→ **Task material**
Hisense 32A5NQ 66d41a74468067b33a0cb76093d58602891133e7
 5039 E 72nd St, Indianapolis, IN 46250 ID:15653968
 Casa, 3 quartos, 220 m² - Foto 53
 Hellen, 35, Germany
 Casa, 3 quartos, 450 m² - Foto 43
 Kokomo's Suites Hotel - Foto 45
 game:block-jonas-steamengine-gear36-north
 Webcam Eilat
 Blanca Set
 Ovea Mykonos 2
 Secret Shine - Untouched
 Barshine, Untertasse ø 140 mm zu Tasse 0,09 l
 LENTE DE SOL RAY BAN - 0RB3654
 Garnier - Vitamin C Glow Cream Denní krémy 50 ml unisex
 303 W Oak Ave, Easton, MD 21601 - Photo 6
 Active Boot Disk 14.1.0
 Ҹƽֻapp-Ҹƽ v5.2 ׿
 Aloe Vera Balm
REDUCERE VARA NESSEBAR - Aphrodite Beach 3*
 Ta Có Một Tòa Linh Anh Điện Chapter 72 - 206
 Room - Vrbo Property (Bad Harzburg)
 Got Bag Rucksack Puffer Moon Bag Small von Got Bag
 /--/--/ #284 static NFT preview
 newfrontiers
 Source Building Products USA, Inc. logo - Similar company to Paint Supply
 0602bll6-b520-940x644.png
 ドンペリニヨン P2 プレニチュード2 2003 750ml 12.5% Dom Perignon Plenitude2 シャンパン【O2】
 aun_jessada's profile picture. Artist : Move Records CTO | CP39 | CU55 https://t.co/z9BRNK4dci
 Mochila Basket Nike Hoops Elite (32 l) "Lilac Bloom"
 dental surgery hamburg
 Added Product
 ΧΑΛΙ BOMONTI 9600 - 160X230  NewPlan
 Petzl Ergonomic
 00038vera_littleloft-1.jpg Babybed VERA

→ **What needs to be done**
Set down exactly the lines from the start of the records to the line with "LENTE DE SOL RAY BAN - 0RB3654". Include that line, and add nothing more.

→ **Solution to the problem**
Hisense 32A5NQ 66d41a74468067b33a0cb76093d58602891133e7
 5039 E 72nd St, Indianapolis, IN 46250 ID:15653968
 Casa, 3 quartos, 220 m² - Foto 53
 Hellen, 35, Germany
 Casa, 3 quartos, 450 m² - Foto 43
 Kokomo's Suites Hotel - Foto 45
 game:block-jonas-steamengine-gear36-north
 Webcam Eilat
 Blanca Set
 Ovea Mykonos 2
 Secret Shine - Untouched
 Barshine, Untertasse ø 140 mm zu Tasse 0,09 l
 LENTE DE SOL RAY BAN - 0RB3654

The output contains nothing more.